Reputation: 187
I am new to OpenMP and am trying desperately to learn. I have tried to write an example code in C++ in visual studio 2012 to implement matrix multiplication. I was hoping someone with OpenMP experience could take a look at this code and help me to obtain the ultimate speed / parallelization for this:
#include <iostream>
#include <stdlib.h>
#include <omp.h>
#include <random>
using namespace std;
#define NUM_THREADS 4
// Program Variables
double** A;
double** B;
double** C;
double t_Start;
double t_Stop;
int Am;
int An;
int Bm;
int Bn;
// Program Functions
void Get_Matrix();
void Mat_Mult_Serial();
void Mat_Mult_Parallel();
void Delete_Matrix();
int main()
{
printf("Matrix Multiplication Program\n\n");
cout << "Enter Size of Matrix A: ";
cin >> Am >> An;
cout << "Enter Size of Matrix B: ";
cin >> Bm >> Bn;
Get_Matrix();
Mat_Mult_Serial();
Mat_Mult_Parallel();
system("pause");
return 0;
}
void Get_Matrix()
{
A = new double*[Am];
B = new double*[Bm];
C = new double*[Am];
for ( int i=0; i<Am; i++ ){A[i] = new double[An];}
for ( int i=0; i<Bm; i++ ){B[i] = new double[Bn];}
for ( int i=0; i<Am; i++ ){C[i] = new double[Bn]; }
for ( int i=0; i<Am; i++ )
{
for ( int j=0; j<An; j++ )
{
A[i][j]= rand() % 10 + 1;
}
}
for ( int i=0; i<Bm; i++ )
{
for ( int j=0; j<Bn; j++ )
{
B[i][j]= rand() % 10 + 1;
}
}
printf("Matrix Create Complete.\n");
}
void Mat_Mult_Serial()
{
t_Start = omp_get_wtime();
for ( int i=0; i<Am; i++ )
{
for ( int j=0; j<Bn; j++ )
{
double temp = 0;
for ( int k=0; k<An; k++ )
{
temp += A[i][k]*B[k][j];
}
}
}
t_Stop = omp_get_wtime() - t_Start;
cout << "Serial Multiplication Time: " << t_Stop << " seconds" << endl;
}
void Mat_Mult_Parallel()
{
int i,j,k;
t_Start = omp_get_wtime();
omp_set_num_threads(NUM_THREADS);
#pragma omp parallel for private(i,j,k) schedule(dynamic)
for ( i=0; i<Am; i++ )
{
for ( j=0; j<Bn; j++ )
{
//double temp = 0;
for ( k=0; k<An; k++ )
{
C[i][j] += A[i][k]*B[k][j];
}
}
}
t_Stop = omp_get_wtime() - t_Start;
cout << "Parallel Multiplication Time: " << t_Stop << " seconds." << endl;
}
void Delete_Matrix()
{
for ( int i=0; i<Am; i++ ){ delete [] A[i]; }
for ( int i=0; i<Bm; i++ ){ delete [] B[i]; }
for ( int i=0; i<Am; i++ ){ delete [] C[i]; }
delete [] A;
delete [] B;
delete [] B;
}
Upvotes: 1
Views: 7402
Reputation: 4685
My examples are based on a matrix class I created for parallel teaching.
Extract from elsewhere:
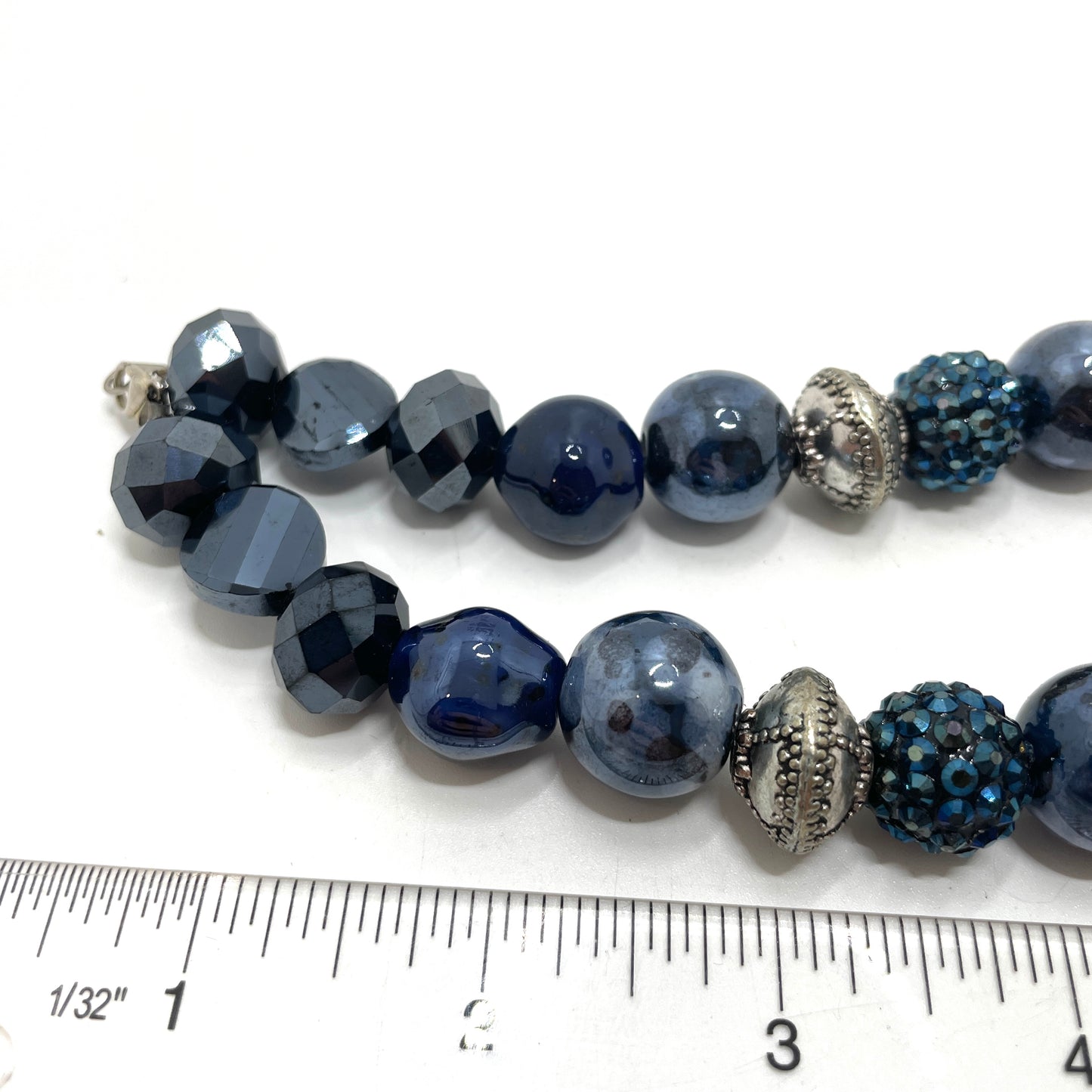 Blue Chunky Beaded Necklace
If you are interested feel free to contact me. There are several ways to speedup your matrix multiplication :
Use a one dimension array in row major order for accessing the element in a faster way.
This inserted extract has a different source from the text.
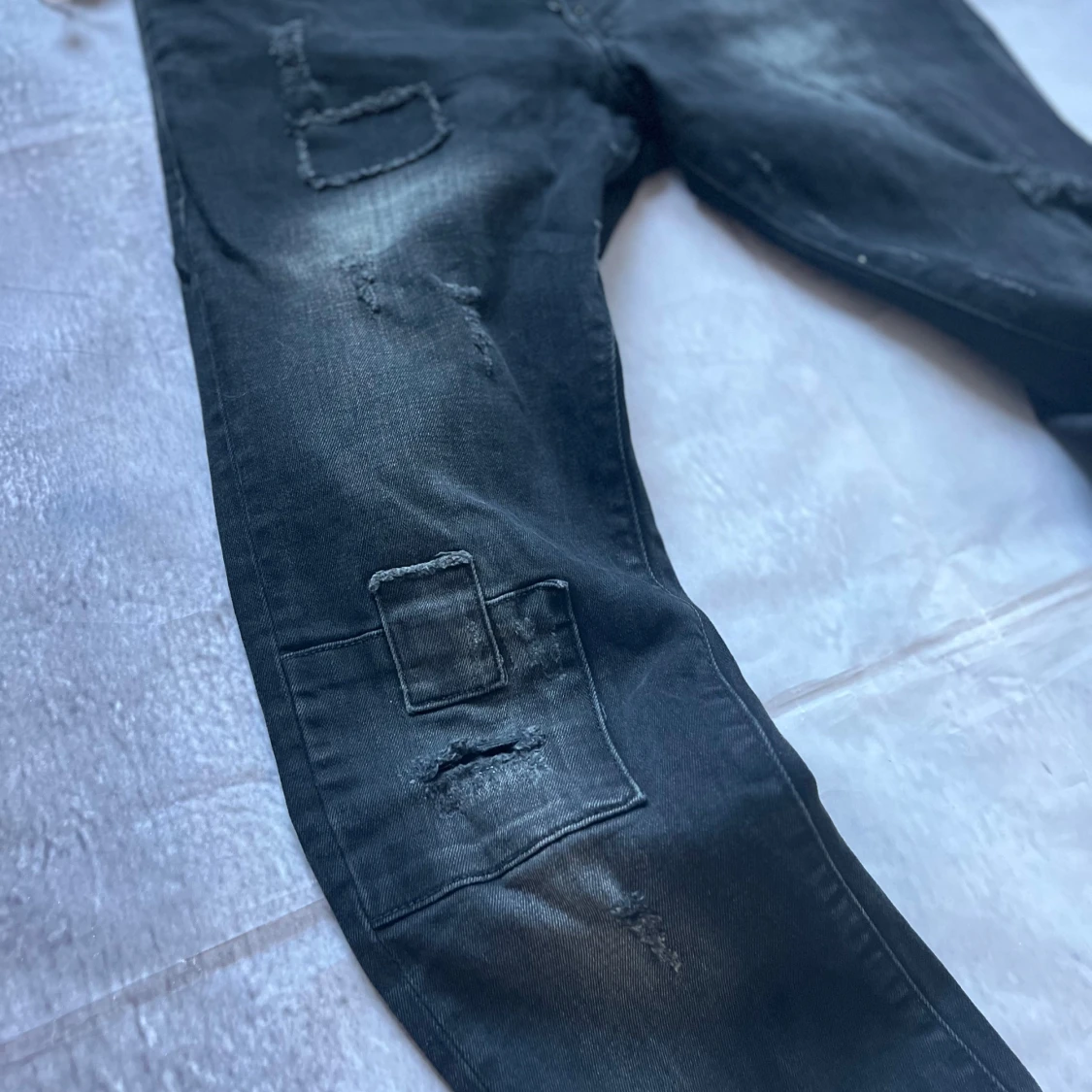 Dsquared2 Skinny Dan Jeans – Black Distressed Denim Size 42 - 1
You can access to A(i,j) with A[i * An + j]
for (int i = 0; i < m; i ++)
for (int j = 0; j < p; j ++)
{
Scalar sigma = C(i, j);
for (int k = 0; k < n; k ++)
sigma += (*this)(i, k) * B(k, j);
C(i, j) = sigma;
}
This prevents to recompute C(i,j) several times in the most inner loop.
for (int i = 0; i < m; i ++)
for (int k = 0; k < n; k ++)
{
Aik = (*this)(i, k);
for (int j = 0; j < p; j ++)
C(i, j) += Aik * B(k, j);
}
This allows to play with spatial data locality
for(int ii = 0; ii < m; ii += block_size)
for(int jj = 0; jj < p; jj += block_size)
for(int kk = 0; kk < n; kk += block_size)
#pragma omp parallel for // I think this is the best place for this case
for(int i = ii; i < ii + block_size; i ++)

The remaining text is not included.